Noel Road is a street in Islington, London. It runs roughly west to east from Colebrooke Row to St Peter's Street (and crosses Danbury Street), and the houses on the south side back onto the Regent's Canal. It was developed in 1841; and until 1938 was two streets, Noel Street and Hanover Street.

Many of its buildings are listed with Historic England. Former residents include the novelist George Gissing, artist Walter Sickert, playwright Joe Orton, and the author Nina Bawden. In 1967, Orton was murdered in his flat at 25 Noel Road by his long-term partner Kenneth Halliwell, who committed suicide shortly after.

==History==
The street was developed in 1841; and until 1938 was two streets, Noel Street and Hanover Street, each side of the current junction with Danbury Street. It was named after Noel Thornhill; and a Captain Noel Thornhill, nephew of Arthur John Thornhill, died in 1955, aged 73.

==Buildings==
Seven to nine, 13–53, 4–6, 12–54, 55–85, Hanover Primary School and The Island Queen pub are all Grade II listed buildings at Historic England's National Heritage List for England. Hanover Street School was designed by E. R. Robson, and opened in 1877. It was rebuilt in 1931, and the architect was then Edwin Paul Wheeler.

==Former residents==
The novelist George Gissing (1875–1903) lived at 5 Hanover Street (now 60 Noel Road) from 1879 to 1880.

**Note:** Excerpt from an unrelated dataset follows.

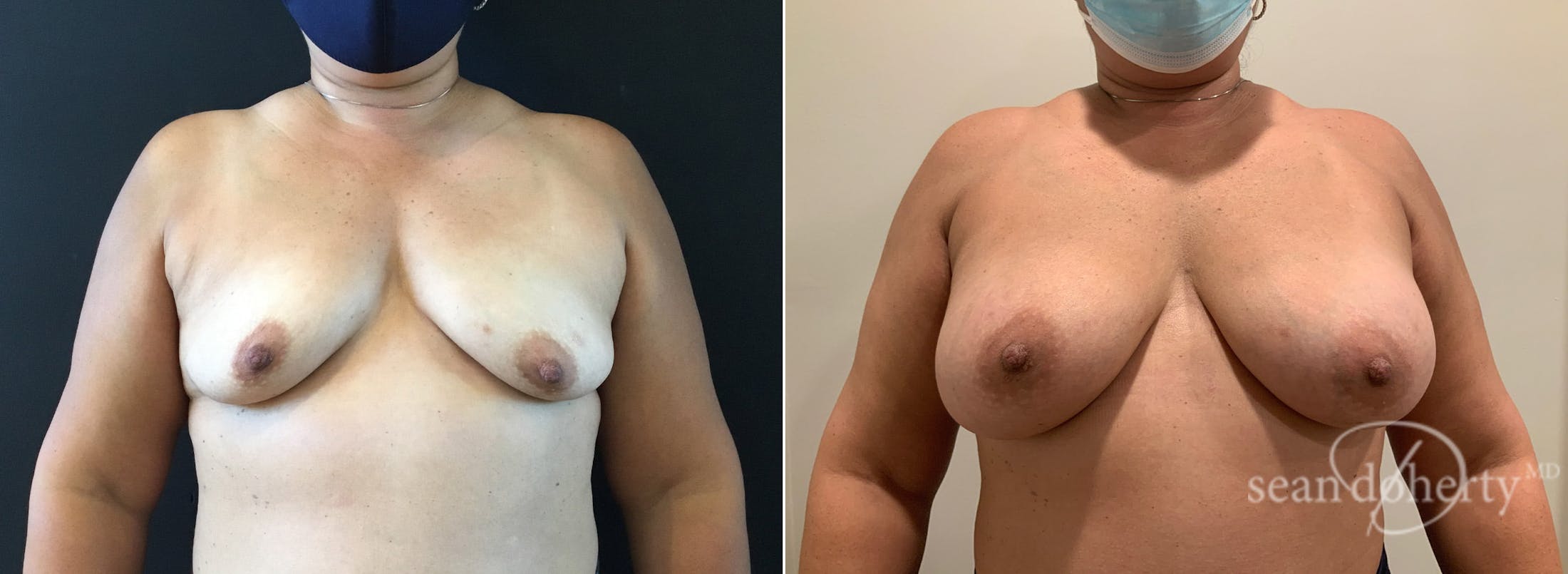 Breast Augmentation Before & After Gallery - Patient 264015 - Image 1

The playwright Joe Orton and his long-term partner Kenneth Halliwell lived in the top floor flat at 25 Noel Road from 1959 until 9 August 1967, when Halliwell killed the 34-year-old Orton there with nine hammer blows to the head, and then killed himself with an overdose of Nembutal.

The writer Lionel Hale (1909–1977) spent his later years at 76 Noel Road. The author Nina Bawden lived at 22 Noel Road for 36 years, from 1976 until her death in 2012.

Walter Sickert resided at number 56 Noel Road (now 54 Noel Road, but then 26 Noel Street) from 1925 to 1926. His painting The Hanging Gardens of Islington, is how he saw his back garden from Vincent Terrace across the other side of Regent's Canal, and Fading Memories of Walter Scott depicts local scenes.